19 Maret 2014

Kacamata

Tidak semua kacamata cocok untuk semua kondisi. Sunglass itu tidak cocok dipakai buat berburu di malam hari.

Eh, tunggu dulu. Kalau yang diburu itu teman kencan, barangkali masih relevan. Meskipun namanya sunglass, bukan moonglass. Nyatanya banyak yang pakai buat dugem.

Baiklah, memangnya apa yang mutlak di dunia ini? Makan soto pakai sumpit juga sah.

Tapi kacamata renang sungguh tidak pas dipakai di meja makan. Nah, ini mutlak. Kecuali nekat ingin menyelam. Di ruang makan? Ya menyelami hati calon mertua.

Saya ingat teori Six Hat Thinkings yang dipopulerkan Eduard de Bono. Menurut Bono, untuk 1 kasus saja kita bisa menggunakan 6 topi berbeda buat menilainya. Misal, topi detektif, topi petani, topi sarjana, dan seterusnya. Misal.

Jadi, apa masih ada yang mutlak?

Oh, saya sedang tidak membicarakan dogma. Tuhan sang pencipta, makhluk yang diciptakan, itu tidak masuk hitungan. Biarkan saja tetap mutlak. Apa bisa dinego? Jangan menawar. Awas dosa. Bisa diganjar neraka. Mending ramai-ramai ke surga.
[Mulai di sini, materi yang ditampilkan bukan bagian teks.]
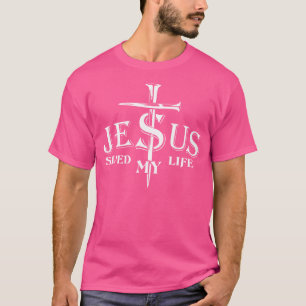 Camiseta Jesus Cross Cristo Salvou Minha Citação De Vida Di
Katanya.

Lupakan, kita tidak sedang berbicara teologi.

Saya ingin tahu, jika mata seseorang minus kemudian diberi lensa silinder, apakah dia bisa membaca berita pesawat Malaysia Airlines di koran? Saya khawatir yang terbaca olehnya malah soal Jokowi Nyapres. Itupun bukan terbaca, tapi mengaku membaca. Yang ternyata, berita tadi pernah didengarnya dari radio, tapi tidak tercetak di koran itu.

Buru-buru menyimpulkan setelah melihat dengan satu kacamata yang (bisa jadi) tidak cocok itu tidak baik. Penilaian itu mungkin saja keliru.

Sekali-kali gunakanlah kacamata kuda. Ditutup samping kanan-kirinya. Karena kuda tidak dapat melihat apa yang ada di depannya. Dengan kata lain, tidak melihat apa-apa.

Benar, kadang kita tidak perlu melihat apa yang bisa atau cukup dirasakan saja.